• **Provided information**
◆ ◆ ◆

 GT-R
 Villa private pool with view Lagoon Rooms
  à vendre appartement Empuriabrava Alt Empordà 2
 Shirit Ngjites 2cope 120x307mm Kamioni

◆ ◆ ◆

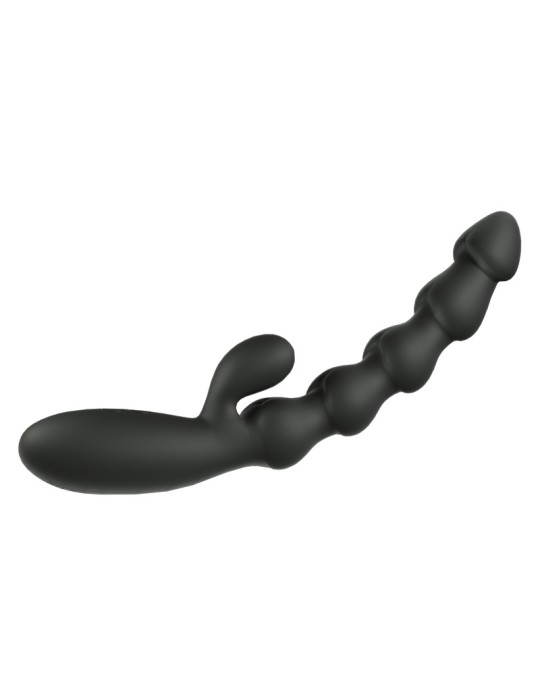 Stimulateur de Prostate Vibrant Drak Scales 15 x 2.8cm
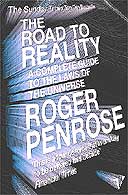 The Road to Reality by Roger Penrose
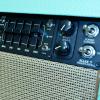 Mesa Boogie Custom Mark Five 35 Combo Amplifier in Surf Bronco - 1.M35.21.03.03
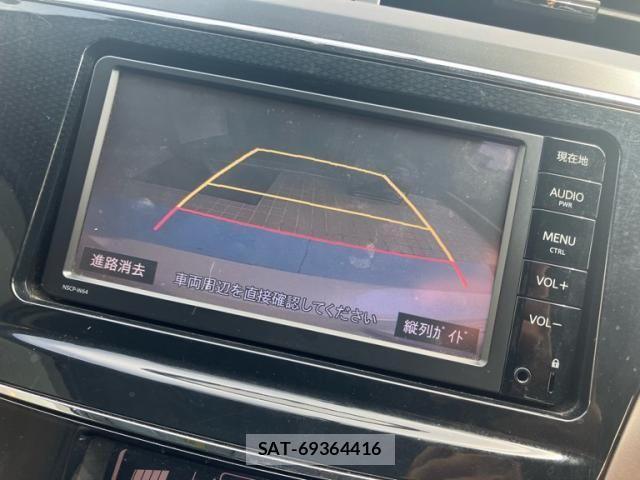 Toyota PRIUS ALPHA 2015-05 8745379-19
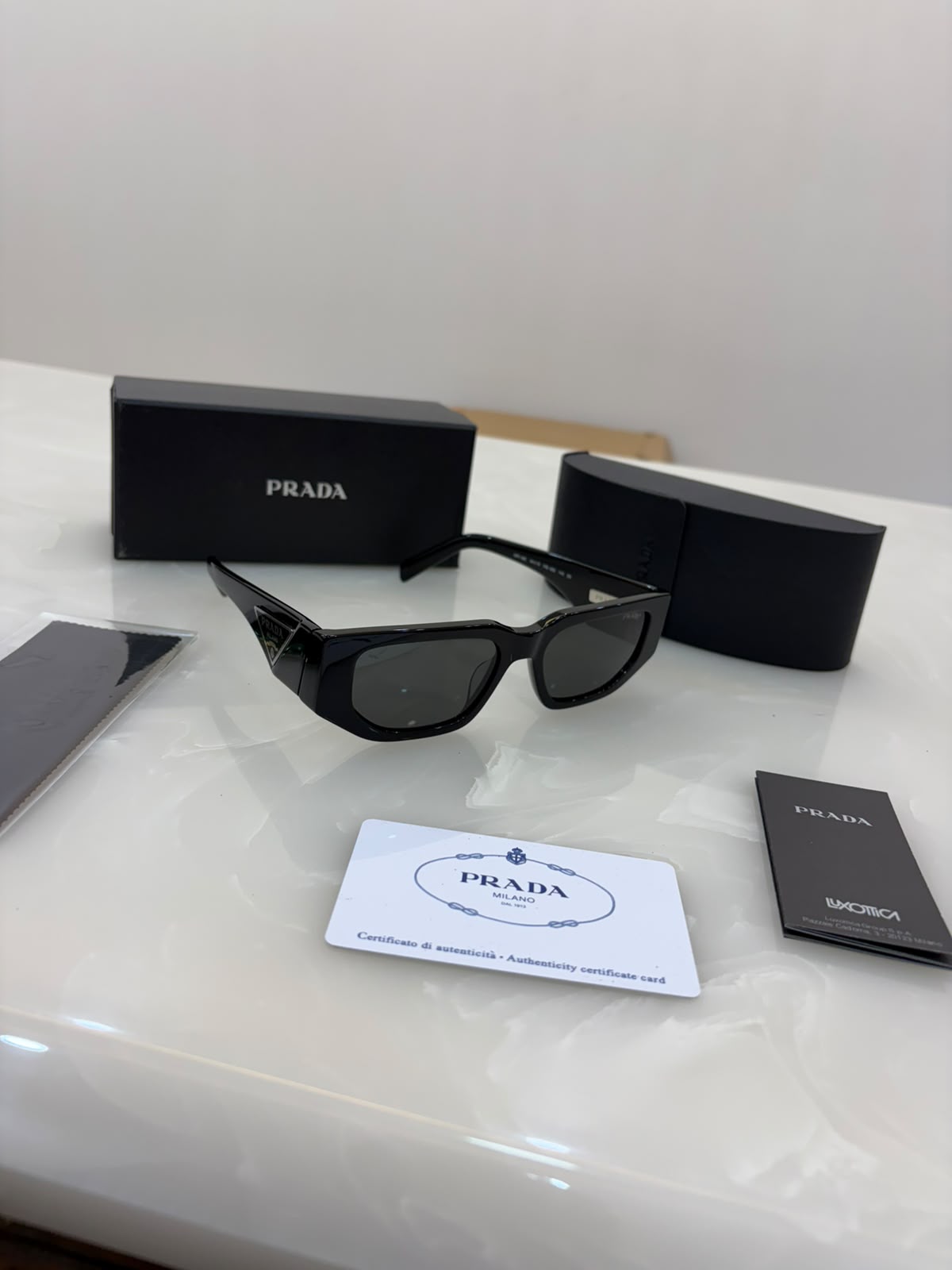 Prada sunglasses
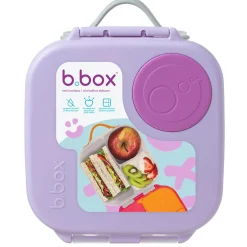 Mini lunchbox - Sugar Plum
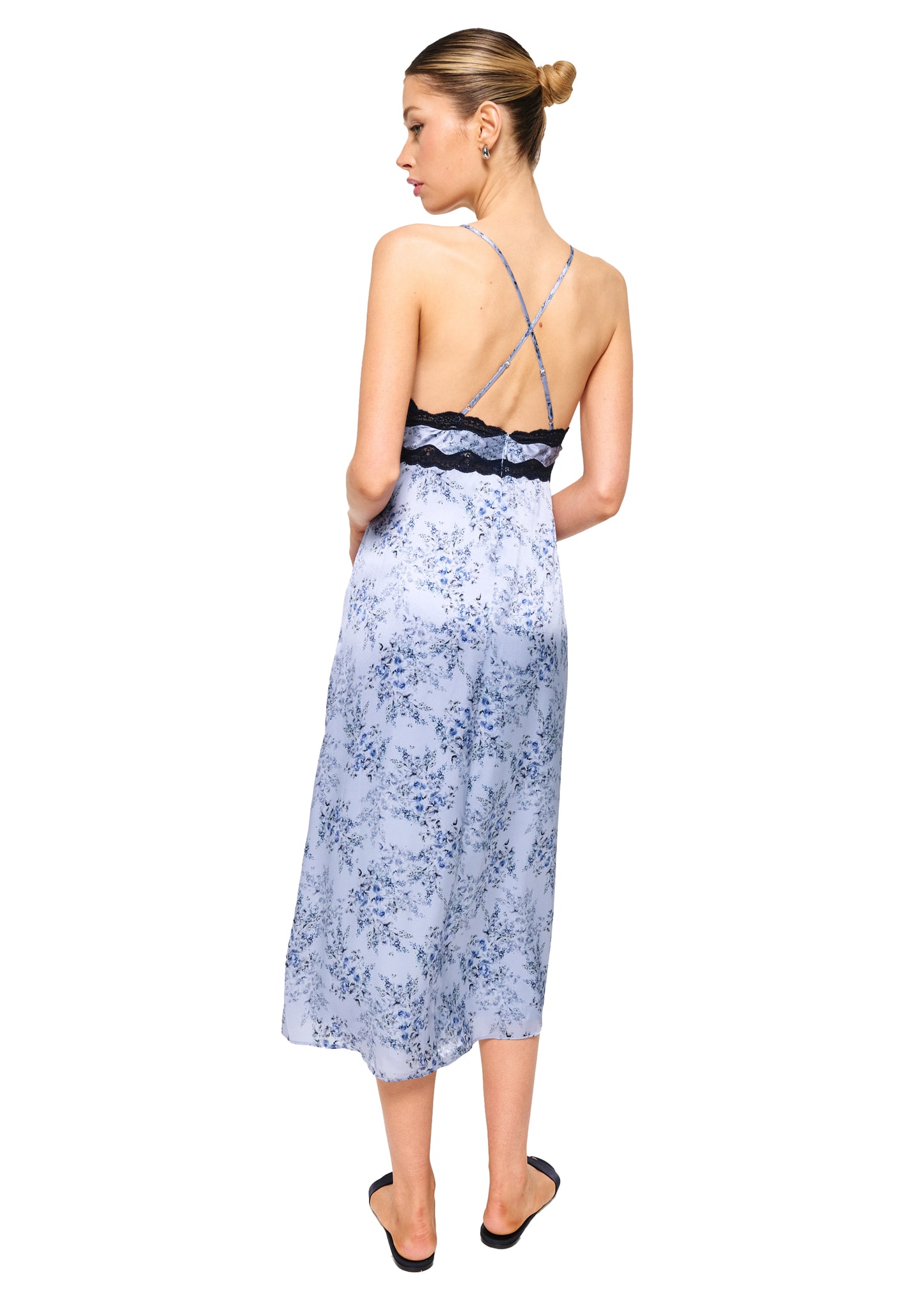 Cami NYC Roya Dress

◆ ◆ ◆

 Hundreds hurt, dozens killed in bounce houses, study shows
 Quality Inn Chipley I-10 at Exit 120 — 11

◆ ◆ ◆

• **Task requirements**
Give exactly the lines above that run from the line with "The Road to Reality by Roger Penrose" to the line with "Cami NYC Roya Dress", both included, leaving every picture out.

• **Task response**
 The Road to Reality by Roger Penrose
 Mesa Boogie Custom Mark Five 35 Combo Amplifier in Surf Bronco - 1.M35.21.03.03
 Toyota PRIUS ALPHA 2015-05 8745379-19
 Prada sunglasses
 Mini lunchbox - Sugar Plum
 Cami NYC Roya Dress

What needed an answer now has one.